For now the Estate's only motive appear to be commercial anyway, so whether they choose that this song is good or harmful to their business is up to them, maybe they will not release it and I don't care as long as they don't release a mutilated version. But eventually, long after we're gone, Extraloveable will have to be made public as such. There's no way around this.

[Edited 5/5/19 2:45am]

.
I agree with it all, except that "the vault will become public domain".
.

– The copyright in compositions will enter the public domain after 50-75 years (depending on territory), unless they are renewed.
.
– The copyright in the actual sound recordings will theoretically enter public domain after 120 years under the current US legislation, but that does NOT mean that whoever owns the vault at that time will be forced by law to turn the tapes/hard drives in to the government or to any organisation and they will be released.
.
There's a distinction between ownership of an actual master tape reel (or hard drive or whatever format) and ownership of the sound recording on that tape.

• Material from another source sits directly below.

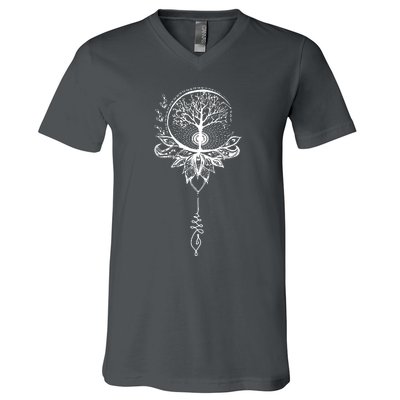 Mandala Lotus Unalome Tree Of Life V-Neck T-Shirt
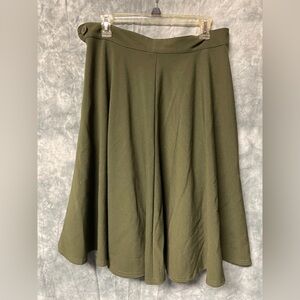 Green mid length flare skirt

The sound recording may enter the public domain 120 years after it was made, but it can only do so if copies of it already exist outside of the ownership of the person who owns the original. In other words: if our grandchildren will still have bootleg copies of Prince tracks that are still unreleased officially 120 years after Prince made the recordings, those bootlegs will become legal and anyone will be free to sell copies of them.
.
As for the recordings in the Prince Vault that have not been leaked by the time they turn 120 years old: they can only enter the public domain theoretically, as no-one will have copies of them apart from the person who owns the actual tapes (or hard drives) that contain the recordings. The owner of those physical items cannot be forced to give up their posession, they will still be free to keep, or to destroy, or to sell those tapes and hard drives. Or they can choose to release the recordings on those tapes and hard drives: in that case the moment that such a 120+ years old recording is released, it enters the public domain, so the sound recording on that release can immediately be copied freely by anyone – but only the recording that was made more than 120 years ago, not the cover artwork or any other element of that release. And if the owner of the vault did wait that long before deciding to release a certain recording, I'm sure that they will find a way to avoid immediately loosing that recording to the public – so perhaps they will make a remix with newly recorded material just to avoid the original recording entering the public domain.
.

Ha! Interesting corrections, thanks. What will be the commercial value of Prince's catalogue in 120 years? If civilization hasn't collapsed by then human life, society, economy and income will have morphed so drastically that it's impossible to know whether music is still being sold and how.

.

There is virtually no precedent when it comes to unreleased audio recordings, and you were right to correct me regarding the fact that the posssession of unreleased material causes a precedent and owning the works is different from owning a tape. Those tapes will literally become family property as opposed to intellectual property. I think there may be a precedent when it comes to unreleased works by 19th century authors and composers whose decendents are known, as well as original paintings: their letters, early drafts, unpublished works are public domain, but I'm not aware of any family choosing to withdraw such documents from the public eye, regardless of any money they could make from them for example by dealing with a publisher to publish it first. When it comes to paintings it is possible to own the physical painting but not the intellectual property or reproduction of the painting, and then again I've never heard of any collector choosing to deprive the world of the image of a painting they possess. There may be cases I'm not aware of, though. As for early silent movies, again I don't believe the studios that used to own them chose to hide the surviving physical copies in their vault and, in the case no other copy may have survived, deny the world access to, and reproduction of these works.

.

At some point it becomes a matter of common sense and whether you want to antagonize scholars and arts lovers. It's unlikely Prince's great great nephews and nieces, if they still own the catalogue, will feel comfortable denying access to, and the reproduction of, it unless their best interest is to release whetever is left to release themselves, and whatever remains in 120 years that hasn't yet been released will probably be of very little commercial value (soundchecks and live shows that do not distinguis themselves, very unfinished demos, things that will only be of interest to scholars). I doubt anyone would be interested in purchasing a remix of a Prince soundcheck in 120 years.

.

Mickey Mouse (its first incarnation from 1928, in black and white) will enter public domain in a few years, the original incarnation of SUperman will, too, in about 15 years. Strong opponants to public domain such as the Walt Disney Company or the Gershwin families had managed to have copyright extented up to know but failed to push it forward again. As more and more films and audio recordings of the modern pop era fall into public domain, we will see what record companies and estates choose to do with the unreleased material they may own.

.

And when it comes to Extraloveable, even if Prince had destroyed any copy he had, the bootleg is out there, may even exist in better quality than what is circulating, and as you said this will definitely be preserved and fall into public somain, rape line included.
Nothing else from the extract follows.